As we use the target language in our classrooms we model rejoinders and we encourage students to use them because they are so helpful in keeping a conversation going. Using a rejoinder is an easy way of showing the other person that you understand and that you want them to keep talking to you. It shows that you are emotionally engaged in the conversation and it encourages the other person to keep giving you input. Rejoinders help to keep other people speaking to you, but you do not need to say a lot. You just listen and nod and say, “That’s interesting!”, “Wow!” or “You don’t say!” the other person talks, you listen. That is just how we acquire more language—by getting interesting, comprehensible input!
Here is a transcript of a short conversation between Vice-president Joe Biden and Speaker of the House John Boehner just before president Obama’s speech to Congress on 9/8/11. Notice the differences in the number of words per speaker in this brief exchange (130/6). The speaker uses more than 20 times as many words as the vice president! Biden is reacting and encouraging Boehner to keep on talking without actually saying much:
Boehner: “I played a little golf in August, and I was at Dismal River Golf Club out in Sand Hills, Neb. It’s in the middle of nowhere. One of the hardest golf courses you’ll ever want to see. Sand Hills and Dismal. Seven birdies, five bogeys, I shoot two under.”

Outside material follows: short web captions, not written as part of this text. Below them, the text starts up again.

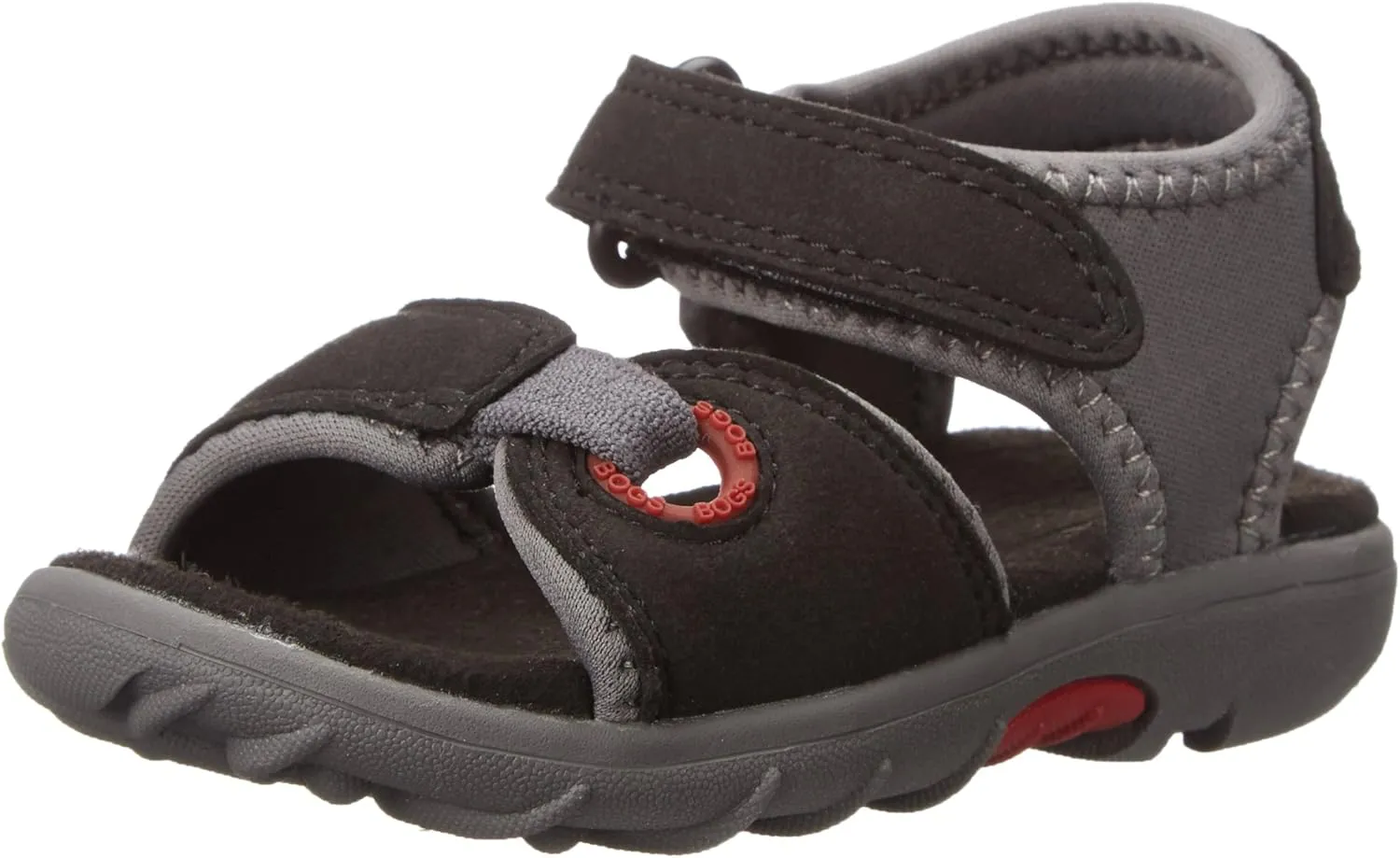 Bogs Yukon Athletic Sandal (Little Kid)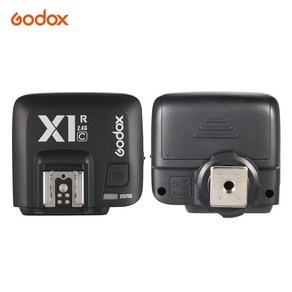 GODOX 캐논 카메라의 황소 X1R-C 수신기 TT685C 플래시 X1T-C 수신기와 호환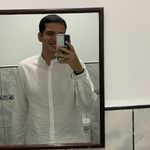 Renzo Gutierrez - @renzogq18 - Instagram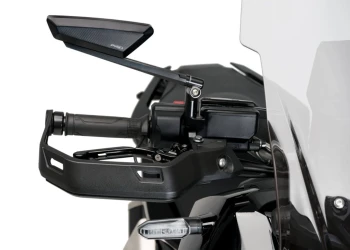 Specchietto retrovisore Hypernaked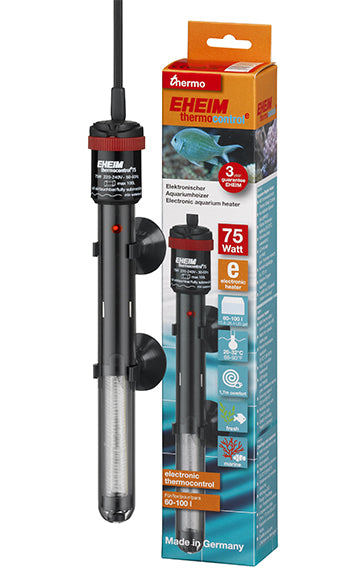 Thermocontrol e75 Heater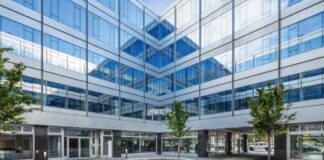 Union Investment signs 10,000 sqm lease at Düsseldorf’s Seestern 3 Union Investment signs 10,000 sqm lease at Düsseldorf’s Seestern 3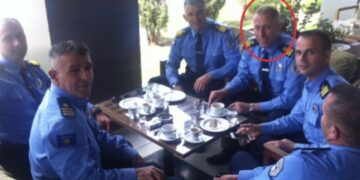 Miku i policit të vr’arë në Kaçanik: Na e mbrojte pragun e shtëpisë dhe fëmijët kur flinim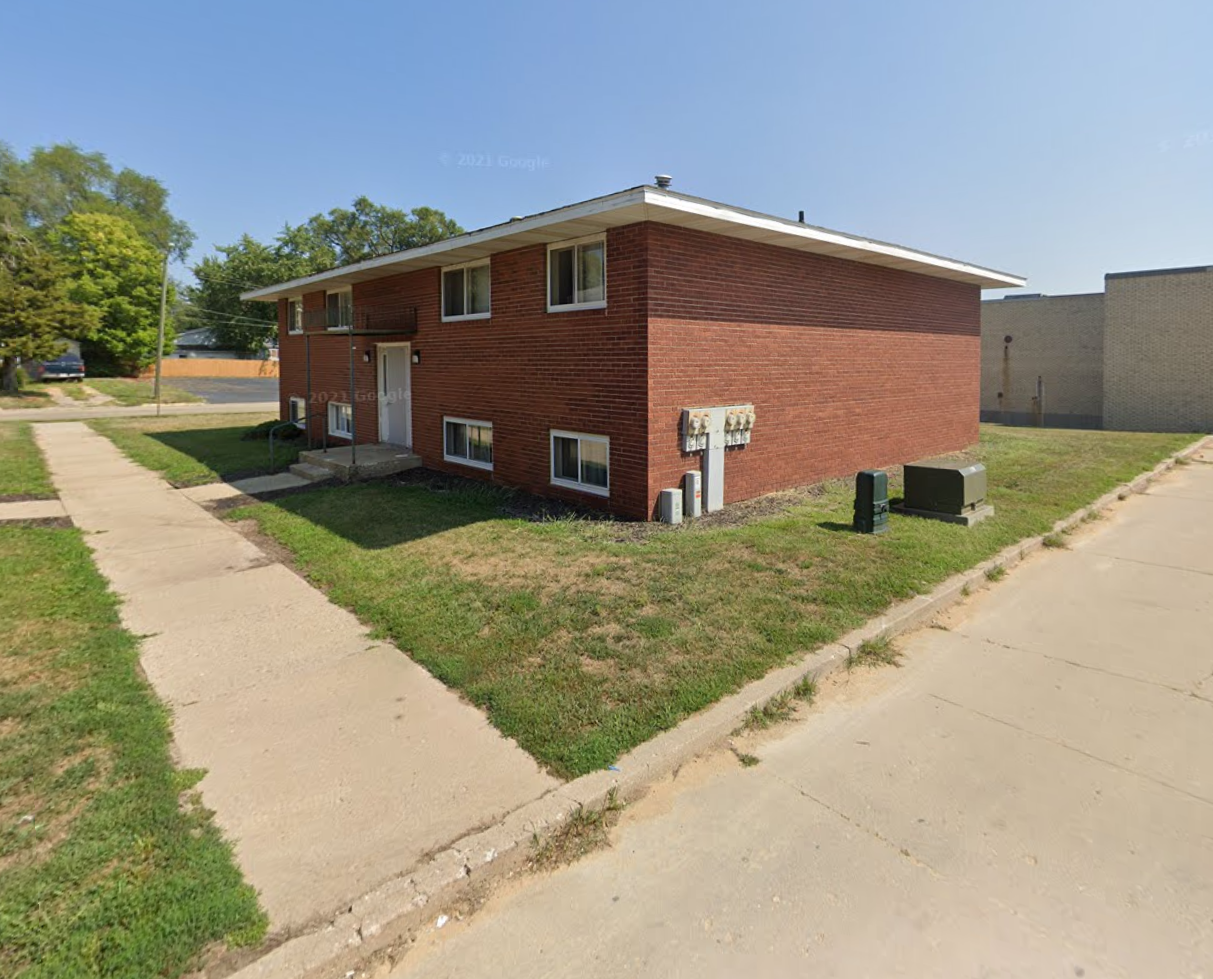 Edon Park Drive - 214C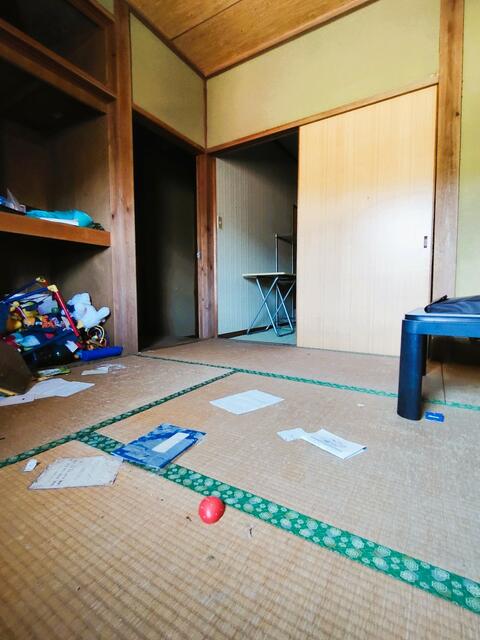 detached 愛媛県南宇和郡愛南町御荘長月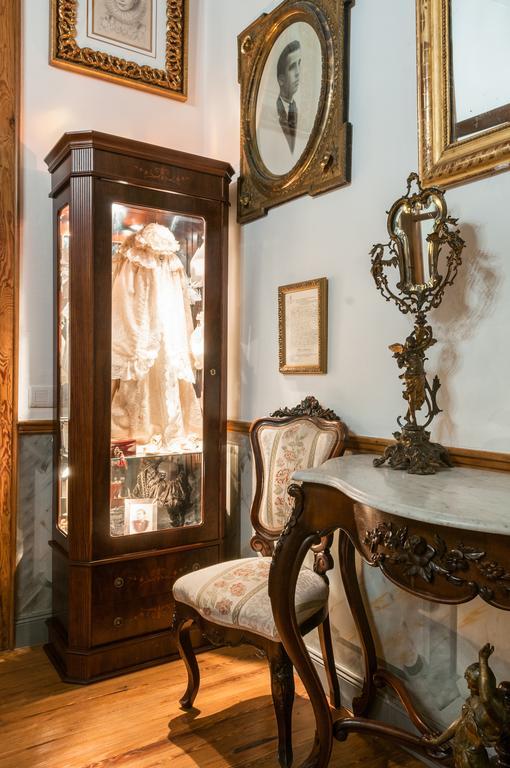 サンタ・クルス・デ・ラ・パルマ スペイン Casa Celestinoヴィラ エクステリア 写真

Biden: “You’re kidding me!”
Boehner: “So we have lunch, sitting around for about an hour, and I thought, ‘why don’t we go play nine more holes?’ Six pars, three birdies, and I missed a four-foot, straight-in birdie on the last hole.”
Boehner: “So the next day I go to Sand Hills, I shoot 86. One day I play great, the next day I play awful. But this was the round of the decade.”
Biden: “That’s incredible!”
Boehner: “I haven’t done this in 12 years, I shot 67 one time down…”
Biden’s reactions are a great model for a language learner. Rejoinders keep the conversation going! Boehner was doing most of the talking and Biden was keeping him going. Biden was getting interesting comprehensible input at a low cost. He could have been purposefully modeling what Dr. Krashen was explaining here:
“The input hypothesis maintains that speaking does not directly result in language acquisition: talking is not practicing. If you practice your French out loud every morning in front of the mirror, your French will not improve. Rather, the ability to speak is the result of language acquisition, not a cause. Speaking can help language acquisition indirectly, however. First, it can result in conversation, and conversation is an excellent source of comprehensible input, even though what counts in conversation, however, is what the other person says to you, not what you say to them.”
(Stephen Krashen, Explorations in Language Acquisition and Use, p. 5)
If you have Rejoinders Posters in your classroom they will remind you to use them, to stay in bounds when you do, and to have them available to your students so they can express themselves.